Dan Williams (Konarka): There are limitations in what's currently available for PV materials that are used in BIPV; we will be able to offer architects and developers more choices. Usually PV panels are of a silicon nature, or they're thin film on glass with limited light transmittance. When we're working with Arch, we'll be taking advantage of our thin film material, which has a transmission capability of up to 70%. It can be tuned to be lower or higher, as a factor of how we deposit the material on our film. And once it's laminated with the glass, we'll be able to provide people with not only a PV solution, but one that behaves like a transparent window.

The other factor is being able to offer color to a PV product. We have a reddish polymer color that is a standard material, and we've developed a green polymer and a blue polymer, and so we hope that when the Arch product is introduced, all three colors will be available. We feel that it's very cutting edge to come out with these colors for the product. We've talked with a number of architects and builders. The frustrations for many years are the limitations. More and more builders are integrating renewable technologies into their product plans, but you still have to accept the look of the solar material that's available. There's a lot of work going on in the industry in general, we're seeing a lot more introduction of products that emulate the actual building components. Where you see PV roofing tiles, they look more like real roofing tiles.

D2P: What is this new product category that has been created?

Dan Williams: It's the use of transparent photovoltaic material for window and building fenestration. (Fenestration comes from the root word fenestra, meaning window. It's usually a product that fills an opening in a building envelope, like windows, doors, skylights, and curtain walls. It is designed to permit the passage of light or air, or people). A lot of what's been developed in BIPV has been limited to spandrel walls or curtain wall applications, where the properties of windows were not required. In this category, we're actually enabling the building of vertical surfaces to remain a window, but also to provide the envelope with a power collection capability.
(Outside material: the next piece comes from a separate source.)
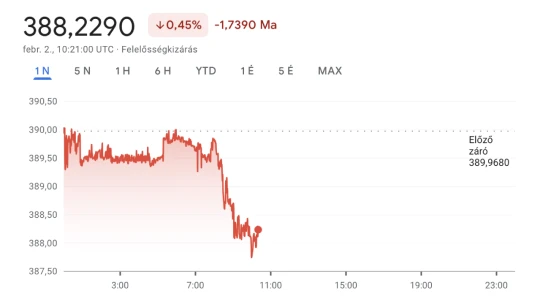 Óriásit megy a forint, április óta nem láttunk ilyet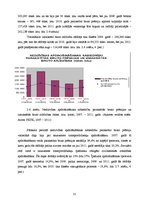 Diplomdarbs 'Apdrošināšanas sabiedrības "Seesam Latvia" darbības analīze', 31.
One of the advantages of organic photovoltaic material is that it has sensitivity to low light, as well as to off-angle light. If you are to put the Konarka material on a vertical surface, it still has very good light absorption qualities. Because if you think of a tall building, maybe 80% to 90% of the surface is vertical, and only a small percentage is rooftop surface. So architects and builders will be able to take advantage of most of the envelope with our vertical products, in addition to regular panels on the rooftop.  Our products will be applied mostly in window and skylight applications with Arch. There is also a possibility for using the material in greenhouses, anywhere light comes into a building where the light can be harvested. So it really opens up PV possibilities for anywhere that there is glass in a building.  

Our material could even be applied to canopies and awnings. A lot of using thin film is about weight issues, since a lot of buildings can't support the full weight of a traditional solar panel array. I hear a lot from the building community that the more integrated or the less visually impactful the PV can be on the building, the more interest there is to use these technologies, especially on older, historical types of buildings.